No Logo was a siren call to antiglobalisation. For trade sourcing companies, it's a fundamental reason to load up on their stock. In a recession, consumers tend to trade down to less expensive alternatives. No one knows this more than retailers, which tend to stuff their shelves with own-brand products – at a discount of at least 20 per cent – alongside the big brands. That plays to the strengths of supply chain managers, which can direct their vast networks of factories to pump out more private label jeans and T-shirts.

This is the new, more prosaic reality for Li & Fung, the world's largest supply chain specialist. In recent years it rode a wave as western brands and retailers shifted production out east without really knowing what they were doing. Based in the entrepôt of Hong Kong since 1937, the company filled the knowledge gap. Revenues and net income more than tripled this decade. Now, as debt-fuelled consumerism enters a sticky patch, Li & Fung is hoping its basic pitch – better goods, for less – is even more compelling.

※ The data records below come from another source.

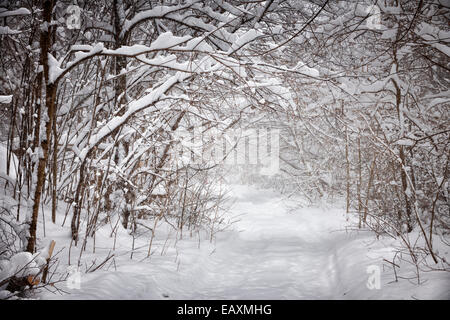 Sentiero innevato attraverso la foresta con rami pesanti sotto la neve in inverno blizzard. In Ontario, Canada. Foto Stock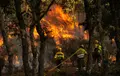 Incendio forestal en El Payo, ICAL José Vicente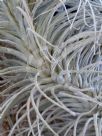 Tillandsia tectorum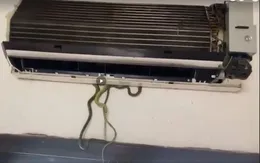 Liên tiếp phát hiện rắn trong máy điều hòa ở Quảng Nam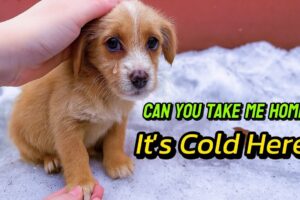 Abandoned Puppy Gazed At Me With Tearful Eyes, Begging For Help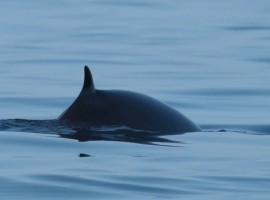 Seabirds And Whales A Yorkshire Adventure 2026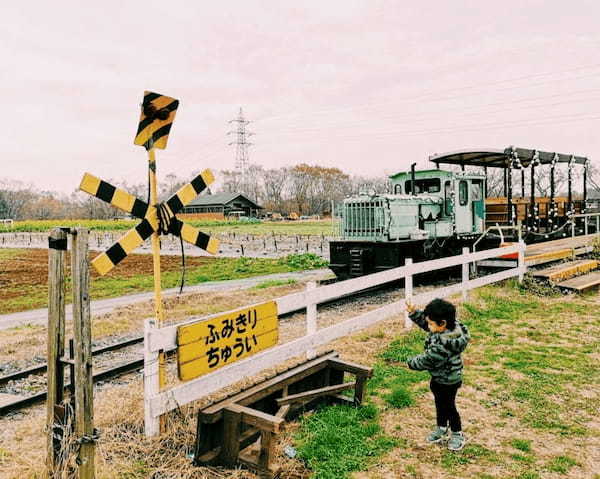 家族連れや犬連れにおすすめ！千葉県の【成田ゆめ牧場】で動物と遊ぼう1.jpg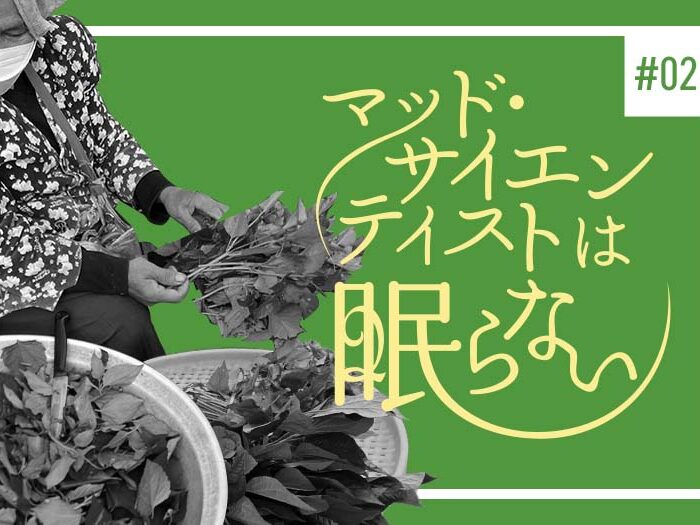 市場ＧＯ！ＧＯ！ＧＯ！part1～激闘！！市場編～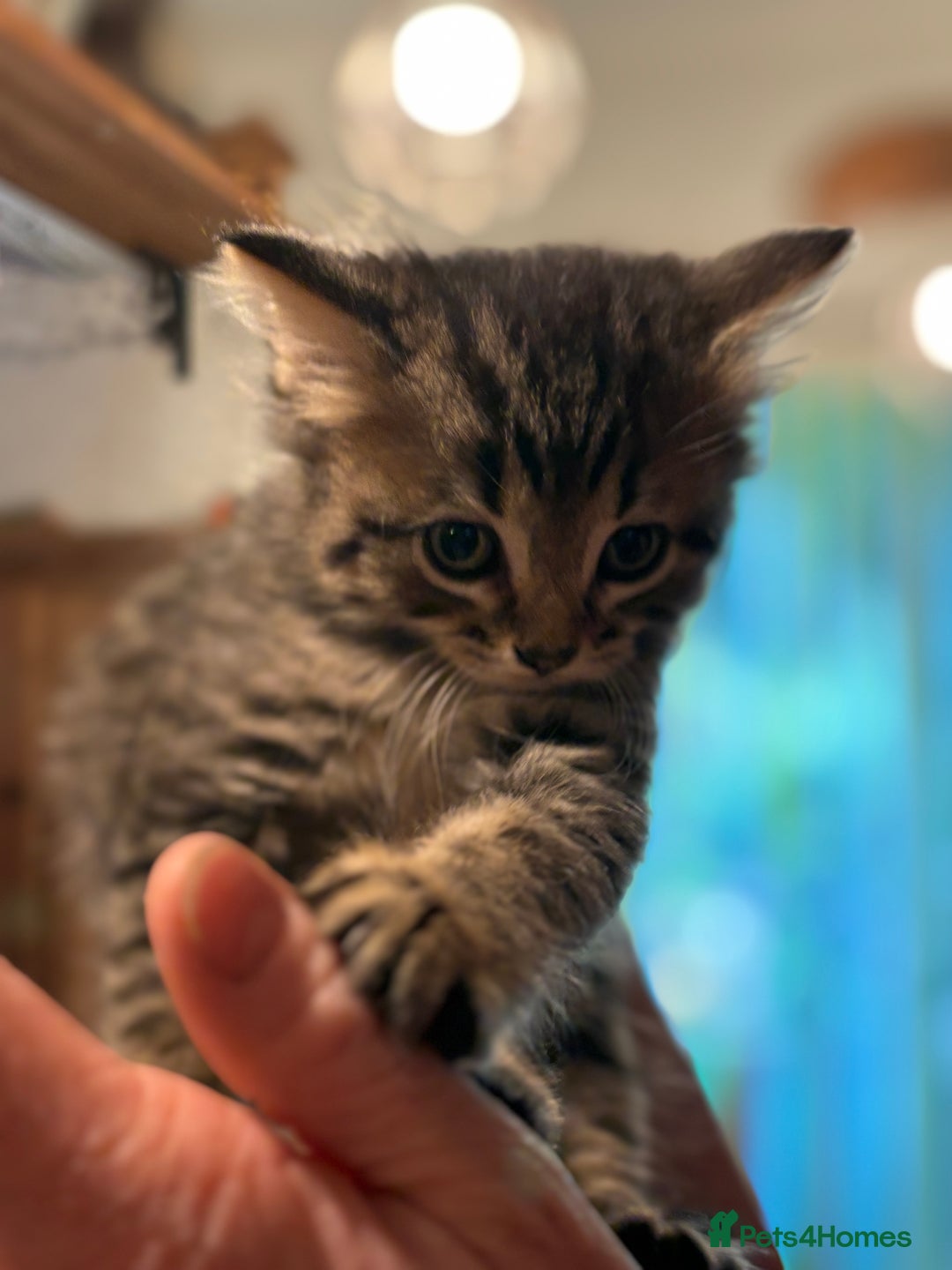 British Shorthair cats for sale: Friendly and beautiful kittens - ready now  - Image 18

That is a risk. Outsourcing the sourcing of small-ticket items makes sense, intuitively. But price deflation is tightening its grip in China, which accounts for just over half of revenues – and thus commissions. The company is budgeting for flat organic revenues this year, when most of its customers expect 5-10 per cent declines. That is quite a stretch while global demand is sluggish: clothing sales in Hong Kong, for example, were down almost 7 per cent in the first two months this year. Other targets, such as lopping 10 per cent off the cost base in 2009, are similarly ambitious.

The combination of a cash-rich balance sheet and a 6 per cent yield remains attractive. But this year's strong rally in Li & Fung's shares – up 48 per cent, against a flattish local benchmark – has probably gone far enough.